文学少年のその態度は反抗的というものでもなかった。 ただ、困っているようだった。たいへんな美人も困っているのである。ぼくも困っている。


 それから、ぼくは彼の部屋に寄って、天体望遠鏡で遊んだり漫画を少し読んだりして帰った。 たいへんな美人の話題は互いに避けるようにしていたため、ふたりでいるときも会話はあまり弾まなかった。文学少年はたいへんだなぁ。帰り道、ぼくはひとりでつぶやいた。あのたいへんな美人もたいへんだなぁ、困ったなぁと、ぼくは帰り道も困っていたのである。ぼくにはわからないオトナの世界を垣間見たような気がしていた。

 

 その時、自転車がぼくの横で止まった。文学少年が新聞紙に包まれたいちごを、 ぼくに無言で押し付けてきた。ぼくは押し返した。「困るよ」とぼくは言った。「あの人がなんにもなかったからって。」文学少年はじっとぼくの目を見た。その大きな、深々と黒い目が何を表していたのかは、ぼくにはわからなかった。ただ、ぼくの理解を越えて、ぼくの理解を越えているということで、ぼくは味わったことにない悲しみとともに、新聞紙からはみ出しているいちごを受け取った。

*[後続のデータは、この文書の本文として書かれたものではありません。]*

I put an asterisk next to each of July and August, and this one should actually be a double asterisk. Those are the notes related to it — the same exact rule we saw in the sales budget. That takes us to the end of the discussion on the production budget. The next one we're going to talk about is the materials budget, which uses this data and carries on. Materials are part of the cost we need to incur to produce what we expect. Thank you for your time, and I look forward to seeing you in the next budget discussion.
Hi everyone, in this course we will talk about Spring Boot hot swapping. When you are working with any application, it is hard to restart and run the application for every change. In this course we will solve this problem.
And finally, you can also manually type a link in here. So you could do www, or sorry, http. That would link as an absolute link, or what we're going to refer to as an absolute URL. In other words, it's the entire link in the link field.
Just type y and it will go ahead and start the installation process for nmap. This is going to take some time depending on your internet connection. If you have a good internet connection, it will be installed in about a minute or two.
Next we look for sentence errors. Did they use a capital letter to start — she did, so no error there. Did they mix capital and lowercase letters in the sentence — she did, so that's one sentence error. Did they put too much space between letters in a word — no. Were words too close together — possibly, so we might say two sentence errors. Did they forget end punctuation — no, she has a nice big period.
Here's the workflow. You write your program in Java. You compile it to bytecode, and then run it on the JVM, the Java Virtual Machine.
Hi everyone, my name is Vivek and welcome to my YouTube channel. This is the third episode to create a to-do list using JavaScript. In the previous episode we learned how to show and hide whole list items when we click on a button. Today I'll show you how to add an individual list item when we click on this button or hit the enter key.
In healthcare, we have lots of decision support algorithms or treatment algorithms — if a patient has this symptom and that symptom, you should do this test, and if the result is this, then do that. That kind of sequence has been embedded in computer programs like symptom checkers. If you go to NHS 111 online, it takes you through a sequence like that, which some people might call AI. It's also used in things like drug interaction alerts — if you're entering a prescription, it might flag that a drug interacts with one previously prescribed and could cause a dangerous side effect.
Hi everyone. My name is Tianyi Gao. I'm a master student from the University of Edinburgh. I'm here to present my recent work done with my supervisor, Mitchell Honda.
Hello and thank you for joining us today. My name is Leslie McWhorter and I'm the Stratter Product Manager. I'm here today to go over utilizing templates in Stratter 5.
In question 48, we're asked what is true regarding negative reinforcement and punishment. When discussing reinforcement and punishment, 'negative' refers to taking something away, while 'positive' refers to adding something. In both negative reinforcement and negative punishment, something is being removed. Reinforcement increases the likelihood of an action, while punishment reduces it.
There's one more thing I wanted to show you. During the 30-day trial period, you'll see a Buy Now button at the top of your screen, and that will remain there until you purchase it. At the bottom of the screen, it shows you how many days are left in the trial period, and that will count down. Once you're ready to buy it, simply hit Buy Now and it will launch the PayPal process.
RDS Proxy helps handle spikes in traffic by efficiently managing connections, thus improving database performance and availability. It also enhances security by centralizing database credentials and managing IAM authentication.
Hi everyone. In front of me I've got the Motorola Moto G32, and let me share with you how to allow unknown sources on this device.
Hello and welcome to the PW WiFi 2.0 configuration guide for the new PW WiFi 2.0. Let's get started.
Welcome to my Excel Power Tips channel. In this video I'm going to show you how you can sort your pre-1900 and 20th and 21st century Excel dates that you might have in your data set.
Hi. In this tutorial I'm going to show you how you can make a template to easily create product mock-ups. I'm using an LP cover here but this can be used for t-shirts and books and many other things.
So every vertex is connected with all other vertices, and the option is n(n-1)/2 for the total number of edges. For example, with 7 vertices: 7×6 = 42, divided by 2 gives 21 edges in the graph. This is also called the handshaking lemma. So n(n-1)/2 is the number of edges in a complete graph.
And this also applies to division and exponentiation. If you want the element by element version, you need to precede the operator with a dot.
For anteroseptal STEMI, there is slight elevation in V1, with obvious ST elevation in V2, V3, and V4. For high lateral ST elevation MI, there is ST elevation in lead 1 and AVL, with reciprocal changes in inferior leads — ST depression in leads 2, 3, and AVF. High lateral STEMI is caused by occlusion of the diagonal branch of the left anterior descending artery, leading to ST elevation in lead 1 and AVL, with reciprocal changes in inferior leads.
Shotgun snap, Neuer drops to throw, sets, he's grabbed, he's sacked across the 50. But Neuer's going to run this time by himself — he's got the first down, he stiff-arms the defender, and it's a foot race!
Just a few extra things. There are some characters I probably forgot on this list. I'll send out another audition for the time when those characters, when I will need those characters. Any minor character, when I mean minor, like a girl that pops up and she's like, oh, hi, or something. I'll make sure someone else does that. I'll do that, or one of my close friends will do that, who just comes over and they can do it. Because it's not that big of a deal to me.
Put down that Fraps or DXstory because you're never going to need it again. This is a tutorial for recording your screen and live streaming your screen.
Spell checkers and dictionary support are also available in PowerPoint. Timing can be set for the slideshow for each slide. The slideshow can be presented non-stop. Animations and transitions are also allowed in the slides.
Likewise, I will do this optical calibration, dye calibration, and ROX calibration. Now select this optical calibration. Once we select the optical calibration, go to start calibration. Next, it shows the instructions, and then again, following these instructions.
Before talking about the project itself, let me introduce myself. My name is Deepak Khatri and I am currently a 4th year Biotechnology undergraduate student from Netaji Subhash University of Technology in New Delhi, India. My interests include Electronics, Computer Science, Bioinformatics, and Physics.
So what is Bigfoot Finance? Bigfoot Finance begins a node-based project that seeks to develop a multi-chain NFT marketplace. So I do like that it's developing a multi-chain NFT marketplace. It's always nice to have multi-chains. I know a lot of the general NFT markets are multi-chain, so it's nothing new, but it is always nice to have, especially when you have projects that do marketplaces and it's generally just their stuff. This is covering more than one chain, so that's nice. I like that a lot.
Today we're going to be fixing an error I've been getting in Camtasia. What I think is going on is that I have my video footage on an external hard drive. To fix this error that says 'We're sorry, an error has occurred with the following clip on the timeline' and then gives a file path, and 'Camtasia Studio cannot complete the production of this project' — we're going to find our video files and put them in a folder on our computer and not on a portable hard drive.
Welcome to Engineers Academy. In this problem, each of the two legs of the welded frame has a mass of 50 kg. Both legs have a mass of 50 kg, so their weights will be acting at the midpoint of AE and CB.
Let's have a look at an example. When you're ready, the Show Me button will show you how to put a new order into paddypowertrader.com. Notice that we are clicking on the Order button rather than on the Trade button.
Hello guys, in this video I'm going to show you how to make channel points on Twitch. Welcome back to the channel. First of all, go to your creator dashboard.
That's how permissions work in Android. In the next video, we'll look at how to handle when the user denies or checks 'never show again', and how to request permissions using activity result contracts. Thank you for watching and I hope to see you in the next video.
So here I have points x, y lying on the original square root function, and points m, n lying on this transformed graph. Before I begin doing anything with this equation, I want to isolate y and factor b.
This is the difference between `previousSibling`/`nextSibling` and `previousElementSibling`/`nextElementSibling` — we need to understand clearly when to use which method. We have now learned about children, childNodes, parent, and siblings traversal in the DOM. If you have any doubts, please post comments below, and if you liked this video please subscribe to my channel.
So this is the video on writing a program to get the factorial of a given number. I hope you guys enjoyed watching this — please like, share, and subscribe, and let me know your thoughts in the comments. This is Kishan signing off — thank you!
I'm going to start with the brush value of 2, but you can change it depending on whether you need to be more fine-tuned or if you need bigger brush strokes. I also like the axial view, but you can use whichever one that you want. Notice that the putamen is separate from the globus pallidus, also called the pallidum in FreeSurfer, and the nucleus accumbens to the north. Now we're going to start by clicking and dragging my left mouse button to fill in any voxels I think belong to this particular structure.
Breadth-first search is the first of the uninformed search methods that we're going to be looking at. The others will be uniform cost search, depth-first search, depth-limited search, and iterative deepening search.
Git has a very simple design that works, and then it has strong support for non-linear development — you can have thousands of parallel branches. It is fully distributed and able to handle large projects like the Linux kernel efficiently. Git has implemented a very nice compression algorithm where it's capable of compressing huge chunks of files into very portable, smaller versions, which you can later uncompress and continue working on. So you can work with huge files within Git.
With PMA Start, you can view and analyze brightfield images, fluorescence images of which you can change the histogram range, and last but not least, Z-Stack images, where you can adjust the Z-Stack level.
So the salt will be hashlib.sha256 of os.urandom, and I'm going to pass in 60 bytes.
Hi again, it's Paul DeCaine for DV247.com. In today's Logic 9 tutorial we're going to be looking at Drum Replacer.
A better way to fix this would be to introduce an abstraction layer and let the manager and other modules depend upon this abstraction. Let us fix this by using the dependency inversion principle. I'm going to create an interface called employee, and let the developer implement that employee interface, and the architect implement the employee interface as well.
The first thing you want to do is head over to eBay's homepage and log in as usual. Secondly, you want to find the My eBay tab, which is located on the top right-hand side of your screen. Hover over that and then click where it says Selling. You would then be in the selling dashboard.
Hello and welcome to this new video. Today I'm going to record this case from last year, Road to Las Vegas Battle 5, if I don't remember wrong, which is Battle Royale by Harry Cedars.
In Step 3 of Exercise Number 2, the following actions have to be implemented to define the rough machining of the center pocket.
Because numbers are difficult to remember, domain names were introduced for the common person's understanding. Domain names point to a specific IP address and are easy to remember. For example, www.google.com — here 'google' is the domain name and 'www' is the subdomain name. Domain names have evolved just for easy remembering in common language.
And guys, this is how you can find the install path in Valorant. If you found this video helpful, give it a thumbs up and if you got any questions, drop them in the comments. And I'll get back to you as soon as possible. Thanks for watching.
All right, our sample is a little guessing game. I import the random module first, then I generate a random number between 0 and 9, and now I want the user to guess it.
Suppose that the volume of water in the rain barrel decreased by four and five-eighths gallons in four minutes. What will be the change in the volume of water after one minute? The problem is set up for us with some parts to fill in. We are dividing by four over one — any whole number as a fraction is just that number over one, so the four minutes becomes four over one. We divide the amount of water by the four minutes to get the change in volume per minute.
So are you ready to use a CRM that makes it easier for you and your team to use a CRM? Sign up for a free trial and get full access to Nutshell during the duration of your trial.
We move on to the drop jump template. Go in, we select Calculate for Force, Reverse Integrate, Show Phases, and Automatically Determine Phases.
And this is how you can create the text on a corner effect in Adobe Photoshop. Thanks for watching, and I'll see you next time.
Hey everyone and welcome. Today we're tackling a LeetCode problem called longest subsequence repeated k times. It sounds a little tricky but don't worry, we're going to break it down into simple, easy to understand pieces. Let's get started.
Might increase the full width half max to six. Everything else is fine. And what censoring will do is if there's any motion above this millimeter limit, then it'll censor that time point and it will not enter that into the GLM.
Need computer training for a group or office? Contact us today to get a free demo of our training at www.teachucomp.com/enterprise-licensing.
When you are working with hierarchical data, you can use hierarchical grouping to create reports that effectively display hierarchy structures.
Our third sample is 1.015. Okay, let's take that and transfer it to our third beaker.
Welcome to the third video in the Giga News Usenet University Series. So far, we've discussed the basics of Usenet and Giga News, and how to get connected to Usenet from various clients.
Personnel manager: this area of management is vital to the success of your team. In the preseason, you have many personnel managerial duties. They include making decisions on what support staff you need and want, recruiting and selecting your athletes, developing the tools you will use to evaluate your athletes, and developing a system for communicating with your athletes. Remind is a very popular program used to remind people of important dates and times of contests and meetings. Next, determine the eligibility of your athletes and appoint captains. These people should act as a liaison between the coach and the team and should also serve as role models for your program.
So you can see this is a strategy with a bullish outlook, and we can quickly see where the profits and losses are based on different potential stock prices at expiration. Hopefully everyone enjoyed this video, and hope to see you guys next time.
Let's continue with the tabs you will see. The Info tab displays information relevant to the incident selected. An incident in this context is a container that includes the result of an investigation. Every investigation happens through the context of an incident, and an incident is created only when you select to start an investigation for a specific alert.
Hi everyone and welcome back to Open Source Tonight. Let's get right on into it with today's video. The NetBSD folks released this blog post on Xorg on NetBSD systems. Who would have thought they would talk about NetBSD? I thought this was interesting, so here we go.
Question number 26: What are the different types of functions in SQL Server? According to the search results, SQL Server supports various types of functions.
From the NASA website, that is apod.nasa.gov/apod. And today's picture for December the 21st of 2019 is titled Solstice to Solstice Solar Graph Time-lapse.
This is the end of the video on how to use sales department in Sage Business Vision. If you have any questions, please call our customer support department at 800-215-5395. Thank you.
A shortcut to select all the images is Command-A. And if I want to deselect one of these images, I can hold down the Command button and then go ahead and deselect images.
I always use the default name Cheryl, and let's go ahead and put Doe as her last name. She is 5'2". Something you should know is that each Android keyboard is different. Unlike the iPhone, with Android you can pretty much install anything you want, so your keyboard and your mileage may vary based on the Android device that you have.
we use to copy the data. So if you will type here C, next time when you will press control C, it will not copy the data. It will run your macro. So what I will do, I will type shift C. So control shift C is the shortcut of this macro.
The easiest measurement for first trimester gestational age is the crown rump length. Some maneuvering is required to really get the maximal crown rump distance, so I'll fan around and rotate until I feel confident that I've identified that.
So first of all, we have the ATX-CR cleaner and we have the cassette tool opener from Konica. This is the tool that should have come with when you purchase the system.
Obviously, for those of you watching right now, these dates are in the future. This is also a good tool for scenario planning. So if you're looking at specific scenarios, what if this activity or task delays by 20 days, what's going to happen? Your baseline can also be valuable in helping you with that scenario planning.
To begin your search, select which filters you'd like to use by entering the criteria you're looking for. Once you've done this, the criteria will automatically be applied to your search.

 ぼくらは特別それ以上は親しくならなかったが、遠くで目が合うと決まって彼はオトナの人のように笑った。ぼくはそれだけでとても安心した。騒がし教室の中で、彼はいつも同じように静かにしんとしていた。

 

 将来は医者になりたい、と文学少年は言った。小学校を卒業後、彼はぼくとは違って県外にある難関の私立中学に進学したため、以来会うことがなく、音沙汰もない。facebookもやっていないようなので、いまどこで何をしているかわからないが、きっとどこかの大学で医大生をやっているに違いない、とぼくは思っている。


 クラスの卒業文集の彼のページには、「 父が経営する医院を継ぎ、両親を幸せにする」と書いてある。“両親”という文字を目にしたとき、ひとごとながらもぼくは嬉しい気持ちになった。